Biraz irkilmiş bir tavırla "teşekkürler" dedikten sonra ilerlemeye devam ettim, ellerim cebimde bir yere, bir gökyüzüne bakıyordum gök kararmaya yakın mor, yeşil ve turuncuydu elim cebimdeki bozukluğa değip sinirlerimi bozuyordu.
Bozukluğu çıkarıp havaya yazı, tura diye fırlattım, yere düştü ve ilerlemeye başladı bende son bozukluğumu kaybetmek istemediğimden peşine düştüm, dini ayin yapılan bir kısma geldim peder ölüyü cesetten çıkarıyordu, eskiden kötü ruhları defetmek için bu yöntemler uygulanırdı, ve peder daima öbür dünya ile bir köprü rölündeydi, hala bu işlemin devam ettiğini görünce aslında biraz şaşırdım.
Bozukluğumu cebime koydum bayan tilda yanımdan geçti.
- Nasılsın diye sordu üzgün gibi görünmeye çalıştığı belliydi.
Teşekkür ederim dedim.

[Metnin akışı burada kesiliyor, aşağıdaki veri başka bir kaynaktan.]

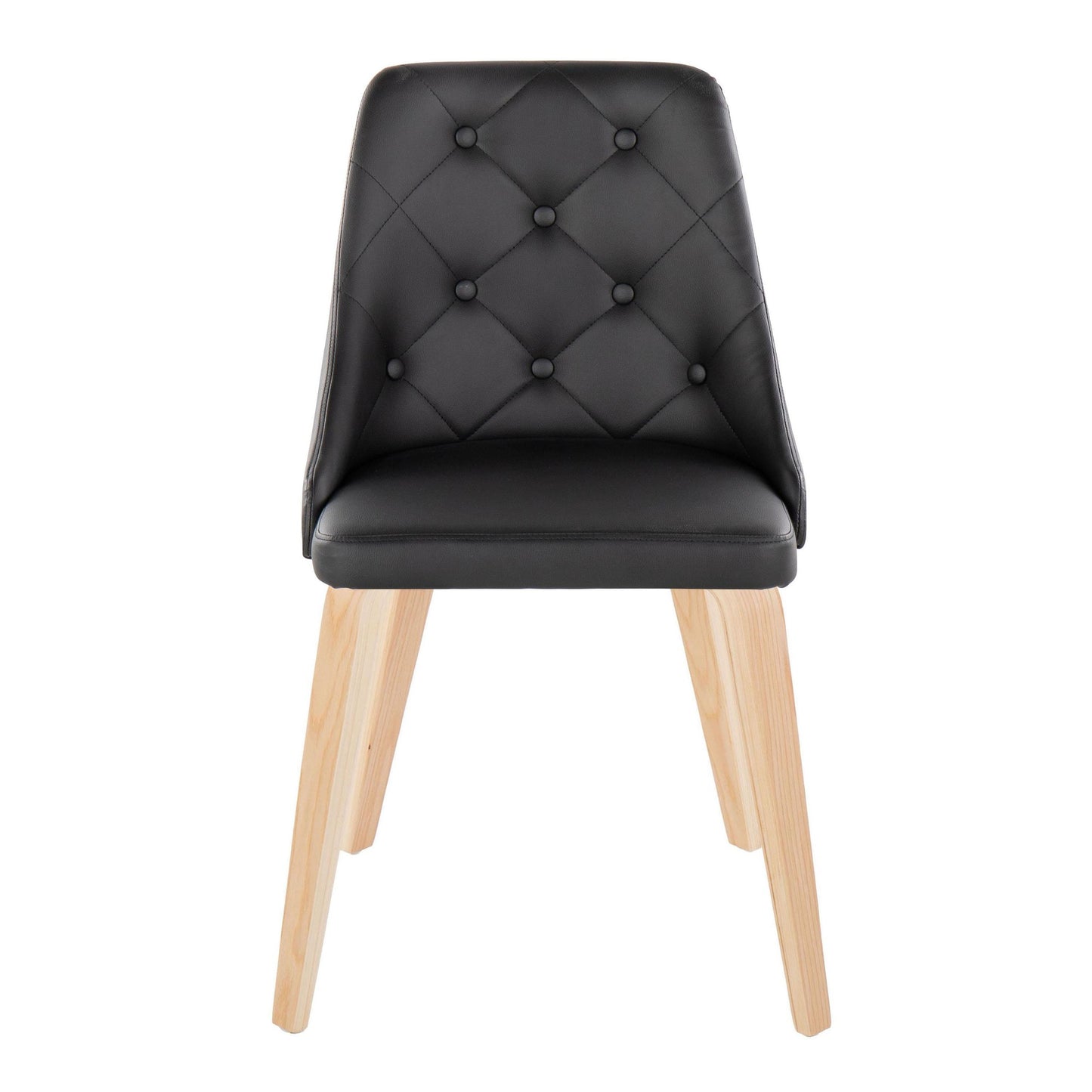 Marche Contemporary Accent/Dining Chair in Black Wood and Black Faux Leather   - Set of 2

Üzgündüm fazla belli ettirmemeye çalışıyordum.
- Baban için çok üzgünüm şey annenle aynı mı olmuştu galiba sonları...
Benzer oldu evet, Bayan tilda fazla açık konuşuyor.

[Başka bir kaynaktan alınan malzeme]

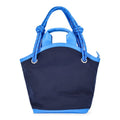 Women's Canvas Tote Bag with Rope Handles and Faux Leather Bottom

Başımı hafiften onaylar vaziyette önüme eğidim.
Fazla önemsemeyip yoluma devam ettim. Baban için çok üzgünüm umarım cennette isa ile yanyana olur, dediğini duyar gibi oldum.
Elim hala kapıdaydı çekmemiştim, bu olanları ve olacak olanları düşündüm ve bunları yaşamaya ne gerek var diyip kapadığım kapıyı yeniden açıp içeri aynanın karşısındaki sandalyeye yöneldim.